§ **PROBLEM REQUIREMENTS**
Copy the data below exactly, omitting any picture it contains.

§ **INFORMATION SHOWN**
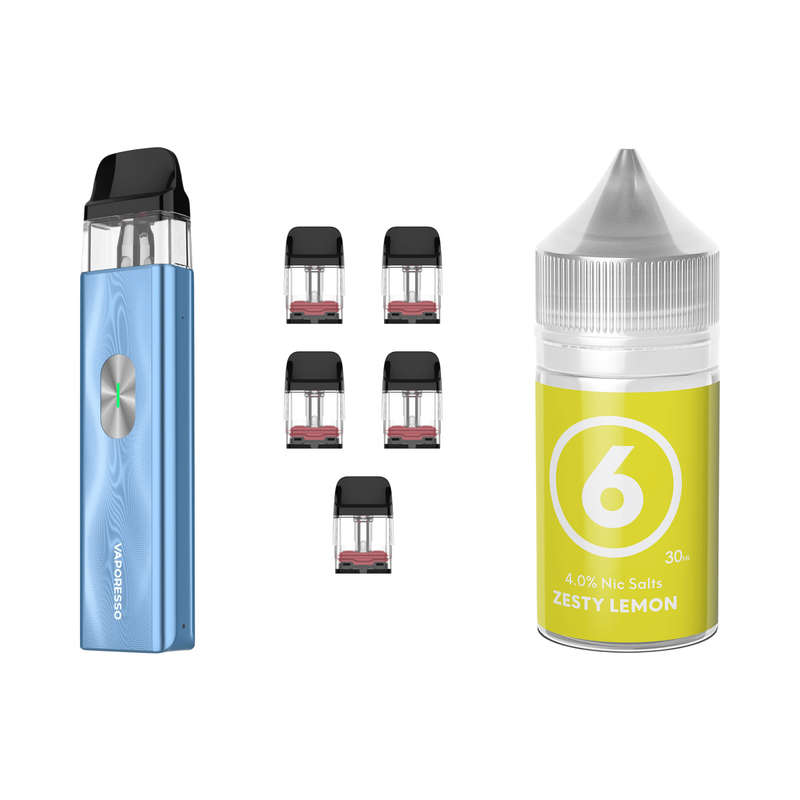 Vaporesso XROS Mini 4 Device, Refillable Pods and E-Liquid Bundle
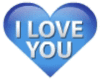 I love you Blue Heart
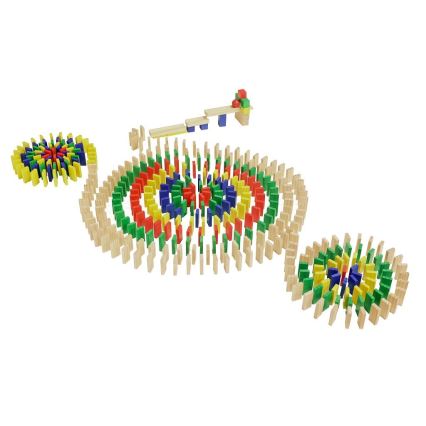 2Kids Toys - Set domino din lemn, 800 piese colorate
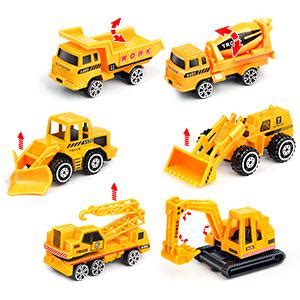Construction Truck Toys Set Engineering Vehicles Playset Die cast Car ...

§ **EXERCISE RESULT**
 Vaporesso XROS Mini 4 Device, Refillable Pods and E-Liquid Bundle
 I love you Blue Heart
 2Kids Toys - Set domino din lemn, 800 piese colorate
Construction Truck Toys Set Engineering Vehicles Playset Die cast Car ...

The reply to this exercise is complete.